Activity: Go through the records below from the first line and print each one exactly, stopping after the line that contains "604 W Kinnear Place, Seattle, WA 98119". Do not print pictures or anything past that line.
• • •
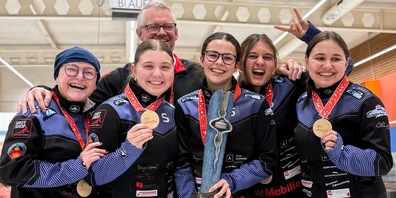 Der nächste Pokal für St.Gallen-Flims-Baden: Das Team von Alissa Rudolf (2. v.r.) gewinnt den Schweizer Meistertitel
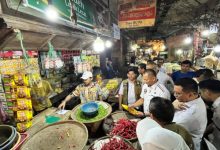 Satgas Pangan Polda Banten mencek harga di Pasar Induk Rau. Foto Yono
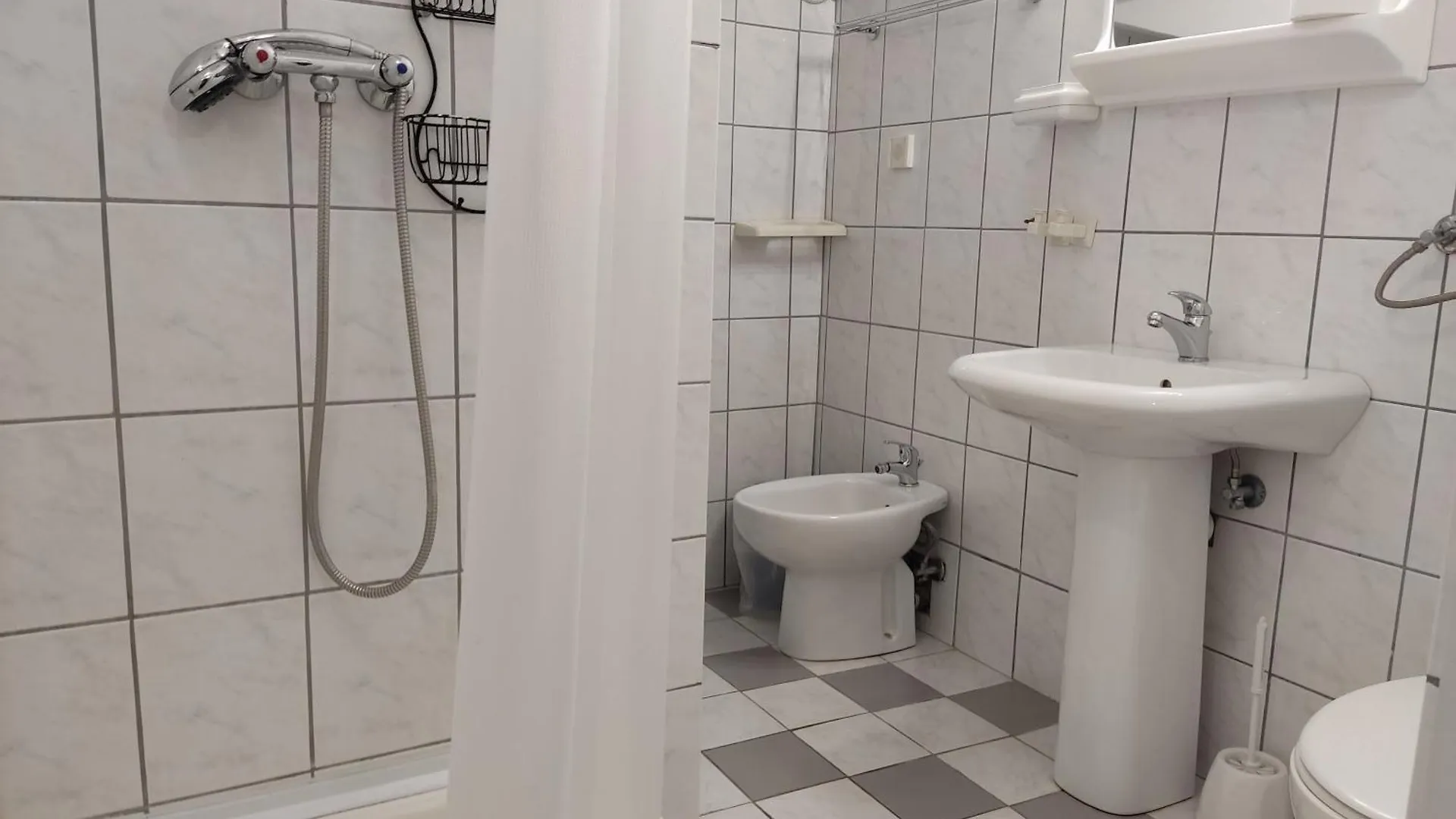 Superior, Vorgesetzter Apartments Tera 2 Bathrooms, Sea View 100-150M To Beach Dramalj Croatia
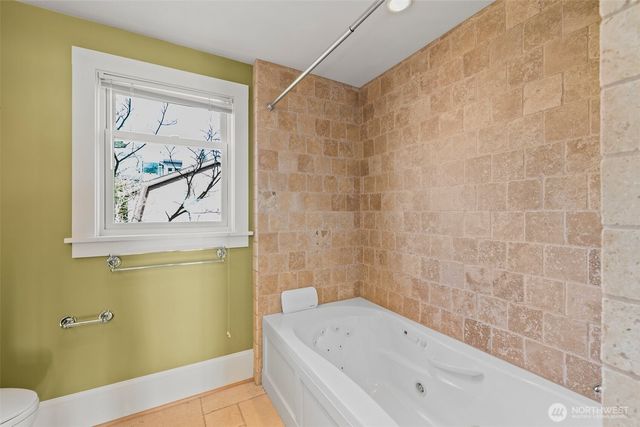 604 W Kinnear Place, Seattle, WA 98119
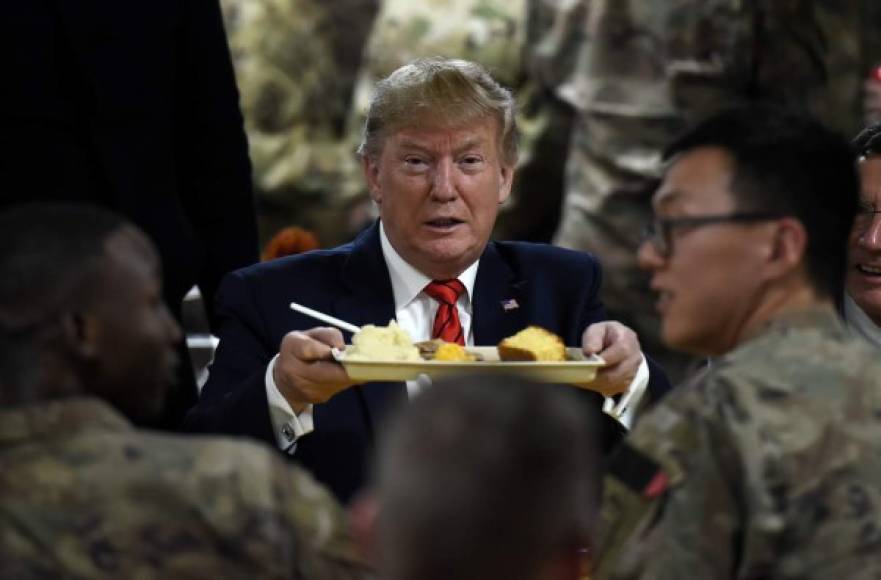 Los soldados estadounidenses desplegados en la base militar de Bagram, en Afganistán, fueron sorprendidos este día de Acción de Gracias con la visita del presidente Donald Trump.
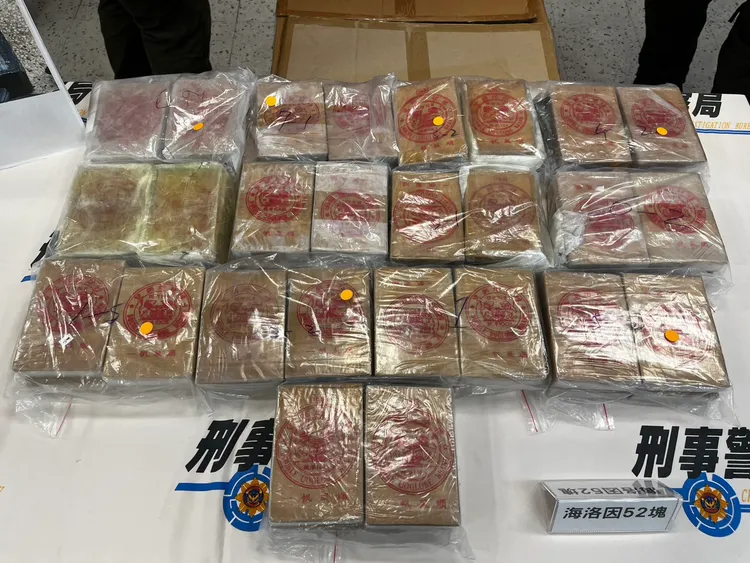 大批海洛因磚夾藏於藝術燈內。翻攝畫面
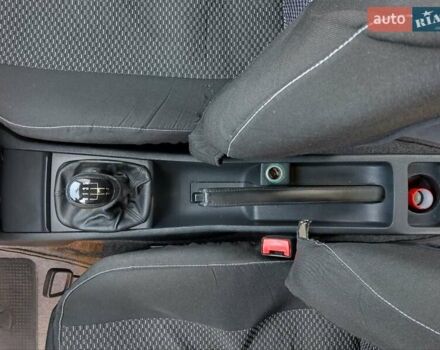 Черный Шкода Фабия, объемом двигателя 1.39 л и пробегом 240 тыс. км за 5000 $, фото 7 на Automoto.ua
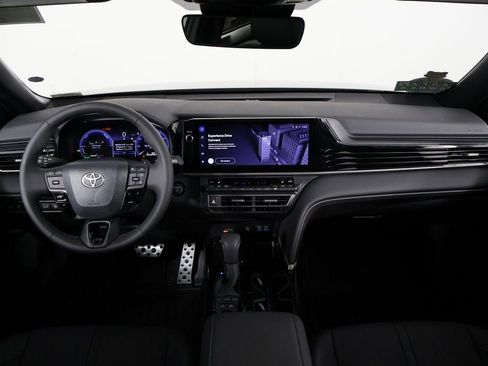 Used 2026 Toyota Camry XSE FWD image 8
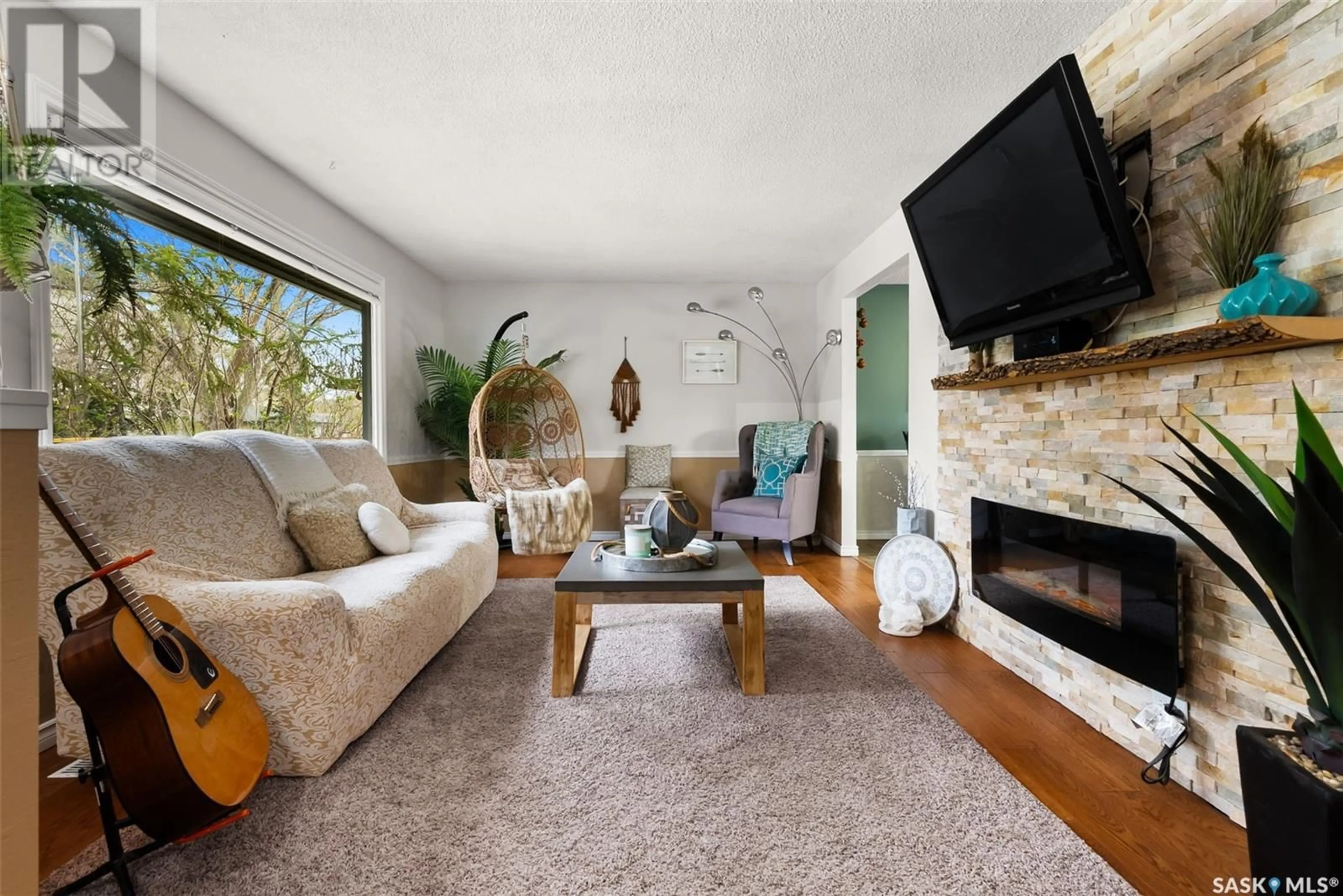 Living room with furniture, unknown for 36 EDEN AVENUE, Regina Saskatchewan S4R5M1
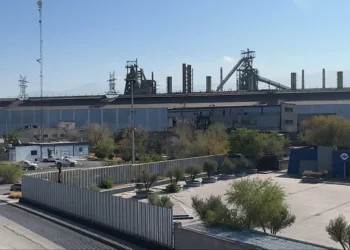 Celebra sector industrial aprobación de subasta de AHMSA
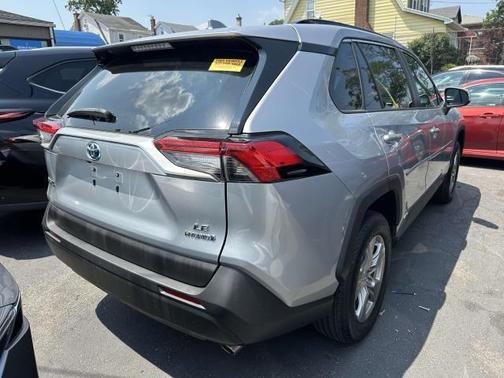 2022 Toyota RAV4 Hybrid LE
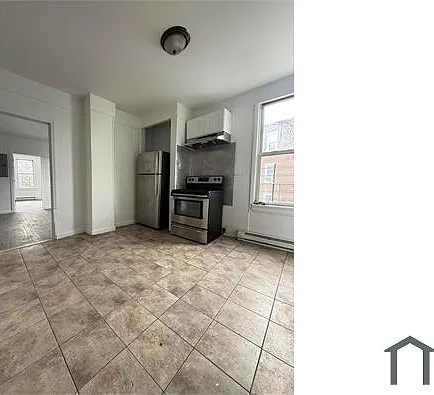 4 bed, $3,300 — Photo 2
• • •
Response area:
 Der nächste Pokal für St.Gallen-Flims-Baden: Das Team von Alissa Rudolf (2. v.r.) gewinnt den Schweizer Meistertitel
 Satgas Pangan Polda Banten mencek harga di Pasar Induk Rau. Foto Yono
 Superior, Vorgesetzter Apartments Tera 2 Bathrooms, Sea View 100-150M To Beach Dramalj Croatia
 604 W Kinnear Place, Seattle, WA 98119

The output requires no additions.